I took cover in the library, on its first August Saturday. Libraries are not what they used to be. A girl was yacking on her cell phone, there was a baby crying, and teenage boys were mouthing off at the librarian. They have self-checkout now. You put your card on the scanner and then pile the books up, pressing “Continue” on the monitor, and it prints out a receipt for you. I always end up having overdue books at the library, and am hoping that, with the Saturday opening, I can manage to return them on time.
When the storm was over, I asked the cop who was manning the cherry-picker police station what exactly it was for. He told me it is to catch thieves. There has been a rash of thefts of surfers’ gear off the beach while the surfers are in the water—a heinous violation of the code of the beach. Now, if someone tells a lifeguard that her bag, say, got stolen, by the time the thief gets this far down the beach it might be possible to catch him.
Of course, it occurs to me that the police will also be spying on me. My illegal activities include sometimes swimming before the lifeguards start work in the morning, and sneaking a beer on the beach in the late afternoon.

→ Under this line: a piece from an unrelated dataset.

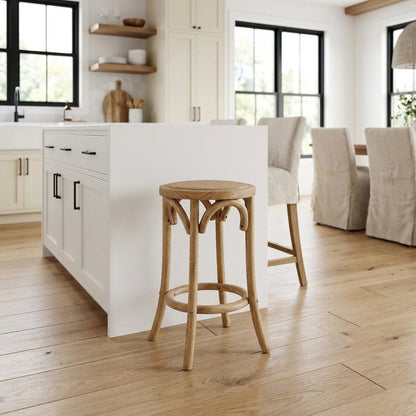 Elm Wood Counter Stool with Rattan Seat Backless Design, Brown Finish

But the crime that is the talk of Rockaway I heard about first from the Master Plumber. I had been telling him that while I was on my back porch I saw a summons deliverer post an eviction notice on my neighbor’s door. I had seen the new neighbor, a mild-looking fellow who moved in after the landlady evicted a boy who had lived there forever and whose father died and left him to pay the rent (or not), only a few times last fall—he introduced himself and offered to paint my porch (“That’s what I do—I’m a painter," he said). It turns out that he does not have to worry about being evicted because he’s in jail. He held up McDonald’s at gunpoint. He and his accomplice-brother also held up the 101 Deli. He was a regular customer at the 101, and though he wore dark glasses and a false mustache (drawn on with eyebrow pencil), the girls who worked at the deli recognized him and chased him; McDonald’s had him on surveillance video. His bunaglow is for rent now. The landlady has not removed the little crosses made of palm, from Palm Sunday, that the brothers in crime had tacked on each side of their front door to disarm suspicion.
Maybe one of the reasons I'm so happy about the Park Avenue closure is that the Eclair is safely parked in Rockaway. Well, not entirely safely. Yesterday four or five teenage girls chose it, of all the vehicles parked on the street, to sit on and lean against as they gossiped and applied their makeup. One of them had actually spread a sheet of newspaper (plucked from the paper recyclables) on the trunk lid. I thought, at least she's protecting the car. But of course she was protecting her pink shorts and the backs of her thighs. She needn't have: I had just had the car washed, because for the first time in more than a year it was in good enough shape for me to get together with its former owner, MQ. The Eclair has fresh tape over her gouged-out right headlight, a fully intact sideview mirror on the passenger side, and no crumbs from granola bars, even, because I’ve vacuumed three times recently, to get rid of the mildew. I can still detect a lingering odor and am shopping for Magic Odor-Eating Crystals, but MQ thought the car looked good and didn't notice that it smelled funny. She did notice, just when I offered to turn on the air-conditioning for her, that suddenly it has stopped working.